As the resolution allowing humanitarian assistance to reach Idlib across Syria’s borders is set to expire in the coming weeks, Amnesty International urged the UN Security Council not to cut a vital aid lifeline for civilians in north-west Syria.
In July 2014, the UN Security Council unanimously passed a resolution authorizing cross-border aid into north-west Syria and other parts of the country held by armed opposition groups, without requiring the consent of the Syrian government.
The resolution has been repeatedly extended since then – although with extreme difficulty in recent years and a reduction of scope in January 2020. It is due to expire on 10 July.
Syria and its allies are seeking to end this arrangement and channel aid through Damascus instead, which would make it very difficult for the UN and its humanitarian partners to deliver timely and sustained aid.
The Syrian government has regularly sought to restrict aid operations through bureaucratic requirements. It has also “blacklisted” and persecuted aid workers associated with opposition-held areas.
Armed groups like Hay’at Tahrir al-Sham who are allied with the government have also hampered humanitarian organizations from doing their jobs effectively.
“UN officials have already called Idlib a humanitarian ‘horror story’ – this will only worsen unless the Security Council sees beyond political ploys and sustains the precious lifeline of cross-border humanitarian aid,” said Heba Morayef , Amnesty International’s Middle East and North Africa Director.

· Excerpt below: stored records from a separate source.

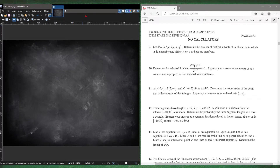Welcome to the Math Record. Today I'll be covering the second part of the ICTM State 2017 Division AA Freshman and Sophomore 8-person, answering questions 15 and 19.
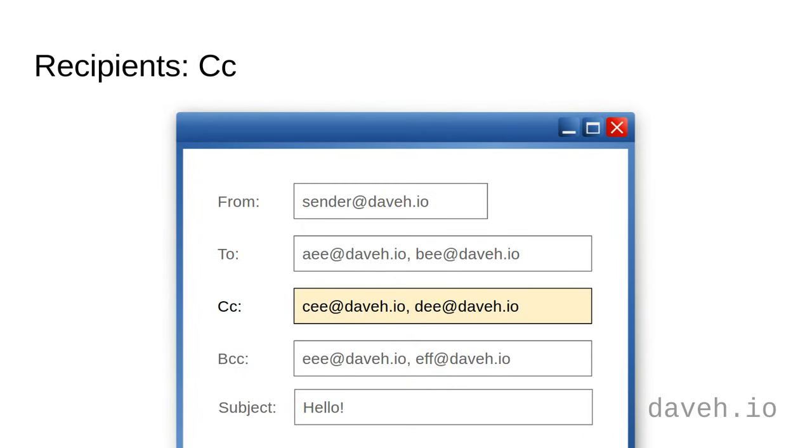You don't have to put any addresses here if you don't want to. Everyone in the to field and everyone else in the cc field can see these email addresses.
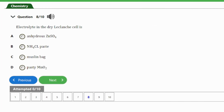Question 8: The electrolyte in the dry Leclanche cell is — (a) anhydrous zinc tetraoxosulfate, (b) ammonium chloride paste, (c) muslin bag, (d) pasty manganese(IV) oxide. The answer is option B — ammonium chloride paste. The electrolyte in the dry Leclanche cell is ammonium chloride solution, which is in a paste form.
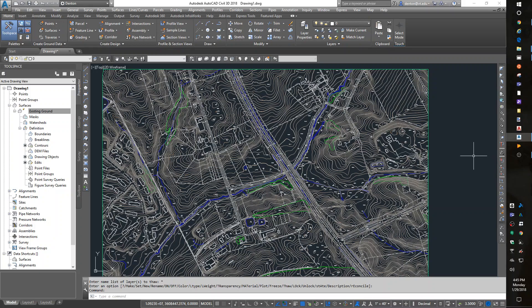Hello, this is Denton Yoder, instructor for BSE 2304, the Biological Systems Engineering CAD class. In this lesson we're going to delineate watershed boundaries and create a quick profile.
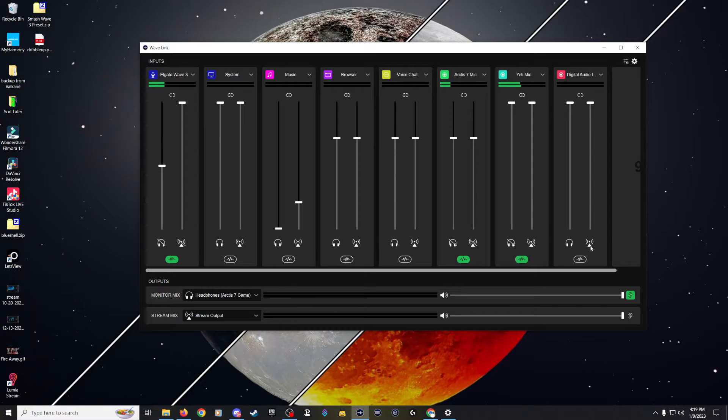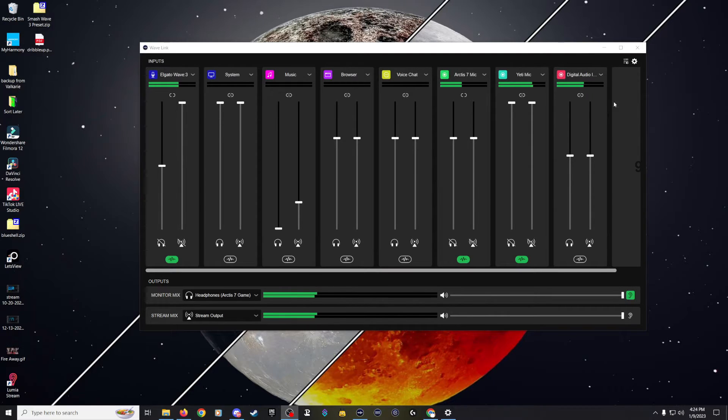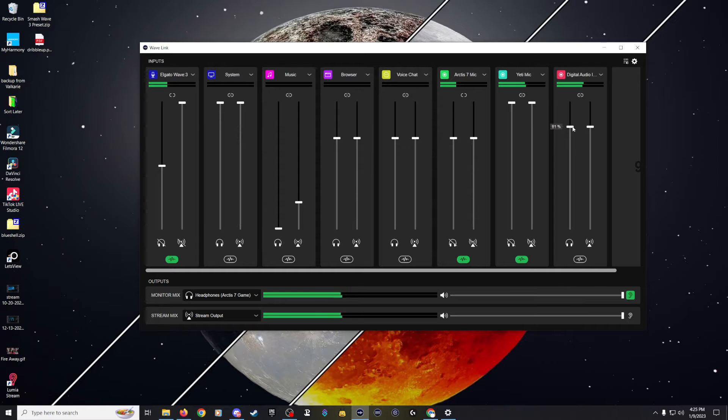We can direct that audio to our headphones or our stream. Now I'm going to put my Switch into the docking station and turn it on. We can see that Wavelength is now picking up the audio from that console through that device — we can even adjust the volume up or down. The only thing left to do is to add that device as a video source in OBS. That's it!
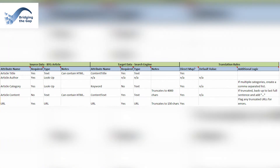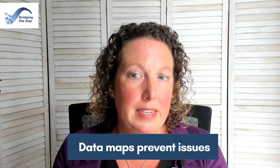A data map contains a list of attributes for the original source of data — often that additional information comes from a data dictionary — and then a corresponding or mapped list of attributes for the target data repository, again with additional information from your data dictionary. It also has translation rules defining any data manipulation that needs to happen as information moves between the two sources, such as setting default values, combining fields, or mapping values from one example to another. In its essence, data mapping is about resolving potential issues.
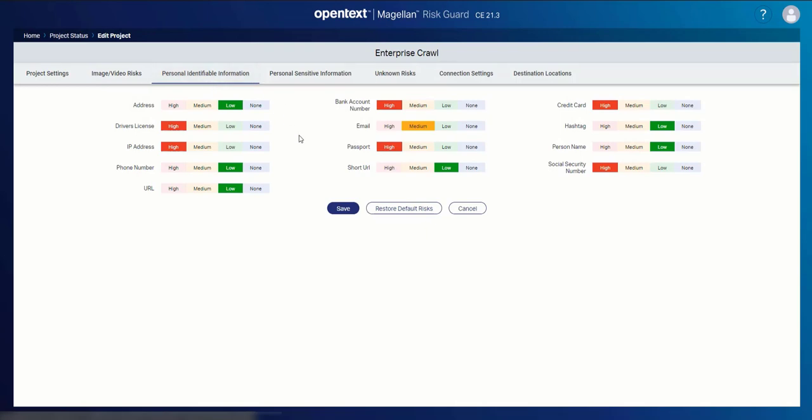I can also set the relevant risks for potential PII information or personal sensitive information and just use these simple switches to define how my organization's risk profile should be affected upon the content that we discover.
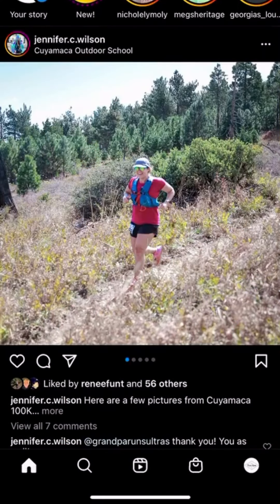If you're looking for a quick and easy tutorial to get you started on Instagram Reels, you've come to the right place. We're going to show you how to get started and you'll be on your way in no time.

A new Amnesty International report, ‘Nowhere is safe for us’: Unlawful attacks and mass displacement in north-west Syria, details 18 cases – the majority in January and February 2020 – where Syrian and/or Russian government forces targeted medical facilities and schools in Idlib, western Aleppo and north-western Hama governorates.
As a result, before the 5 March ceasefire almost 1 million people in Idlib – many of whom had been displaced repeatedly – were forced to flee again and languished in dire conditions in recent months.
“Even by the standards of Syria’s calamitous nine-year crisis, the displacement and humanitarian emergency sparked by the latest onslaught on Idlib has been unprecedented. The UN Security Council must not cut the vital lifeline of cross-border humanitarian aid while thousands of lives hang in the balance,” said Morayef.
“The latest offensive continued an abhorrent pattern of widespread and systematic attacks aimed at terrorizing the civilian population. Meanwhile, Russia has continued to provide invaluable military support – including by directly carrying out unlawful air strikes – despite evidence that it is facilitating the Syrian military’s commission of war crimes and crimes against humanity.”
The latest onslaught on Idlib forced close to a million people – more than 80% of them women and children – to flee towards areas close to the Turkish border between December 2019 and March 2020.
Cornered in an ever-shrinking space, these civilians continue to suffer intolerable living conditions amid a massively overstretched humanitarian response. Timely and sustained aid is needed more than ever. (Source: Amnesty Intl.)